Granted, this gets a little more complicated when you work sometimes from home and sometimes at the office; unless you carry all your notebooks from place to place, you can find yourself unable to follow a reference. But it's pretty rare in my experience to need to look back more than one volume, and in any case I intend to be strongly remote-first for the rest of my career, with all the money and effort I've put into setting up a maximally productive workspace in my home office during COVID.


Possibly dumb question, but why not use notation like vol 2, page 50 instead of page 210?


It's an entirely reasonable question! The answer is, because I started this numbering scheme with the diary I began back at the start of 2018, and I'm more pleased that that's just about to reach page 1000 than I would be if it were about to reach page 100 of volume 5. Since I was already in the habit, it made sense to employ the same system in my work notebooks when I likewise standardized those.

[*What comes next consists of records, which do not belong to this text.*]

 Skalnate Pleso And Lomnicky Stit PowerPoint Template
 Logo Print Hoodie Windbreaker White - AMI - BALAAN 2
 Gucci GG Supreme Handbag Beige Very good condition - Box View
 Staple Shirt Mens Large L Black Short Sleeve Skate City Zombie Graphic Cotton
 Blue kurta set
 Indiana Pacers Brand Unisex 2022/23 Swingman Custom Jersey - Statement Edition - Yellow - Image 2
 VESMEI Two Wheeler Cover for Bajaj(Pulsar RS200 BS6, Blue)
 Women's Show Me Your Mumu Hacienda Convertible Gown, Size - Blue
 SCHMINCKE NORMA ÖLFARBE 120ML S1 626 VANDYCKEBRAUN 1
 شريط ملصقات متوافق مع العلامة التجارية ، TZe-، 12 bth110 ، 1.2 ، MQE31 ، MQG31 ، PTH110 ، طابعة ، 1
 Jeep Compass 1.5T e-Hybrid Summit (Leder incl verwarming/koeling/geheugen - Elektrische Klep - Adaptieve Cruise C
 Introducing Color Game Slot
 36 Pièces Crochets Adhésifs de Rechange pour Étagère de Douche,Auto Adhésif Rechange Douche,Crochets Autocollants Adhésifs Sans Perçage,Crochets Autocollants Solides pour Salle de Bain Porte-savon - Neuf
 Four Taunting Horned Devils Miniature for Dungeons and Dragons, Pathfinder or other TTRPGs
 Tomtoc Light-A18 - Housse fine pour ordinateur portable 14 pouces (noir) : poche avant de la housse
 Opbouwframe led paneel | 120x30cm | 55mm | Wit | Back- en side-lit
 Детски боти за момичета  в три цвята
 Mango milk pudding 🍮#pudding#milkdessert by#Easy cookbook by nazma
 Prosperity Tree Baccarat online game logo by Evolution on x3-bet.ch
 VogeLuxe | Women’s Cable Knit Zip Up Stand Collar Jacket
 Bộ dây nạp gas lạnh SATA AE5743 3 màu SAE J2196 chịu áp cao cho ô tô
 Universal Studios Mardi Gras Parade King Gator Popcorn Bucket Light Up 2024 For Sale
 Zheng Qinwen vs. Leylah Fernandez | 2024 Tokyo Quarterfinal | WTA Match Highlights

In both cases, it also makes for a more compact scheme of reference, since I only need to write "pp. 380-382", rather than "vol. 3 pp 20-22" or "pp. 3/20-22" or some other such notation that requires an explicit volume number - not that that's not a somewhat post hoc reason, but I have found it to be convenient, and there's nothing wrong in any case with deriving some enjoyment from the fact that the very page numbers themselves reflect the extent to which I've developed journaling and notetaking into deliberate and durable practices in their own right. (Especially when I number the pages of a fresh volume, as part of the process of preparing it when I approach the end of the one I've been filling. Numbering from 1 to 180 over and over again seems like it'd get dull! Numbering from 999 to eleven hundred and whatever, as I did yesterday, is much more enjoyable.)

All that aside, I definitely don't have any argument for why the scheme I use is the scheme everyone should use. It's just what works best for me, and in the context of any running document someone maintains for their own use, what works best for them is what matters.


This is a complicated question because it really depends on your paper workflow.

I have been, for 30+ years, a heavy paper notebook writer, with a whole workflow- a superset of the bullet workflow for todos, but also supporting creative writing/brainstorming, and other workflows. I have spent untold...thousands...on pens, levenger paper, storage of square meters of old notebooks, the whole 9.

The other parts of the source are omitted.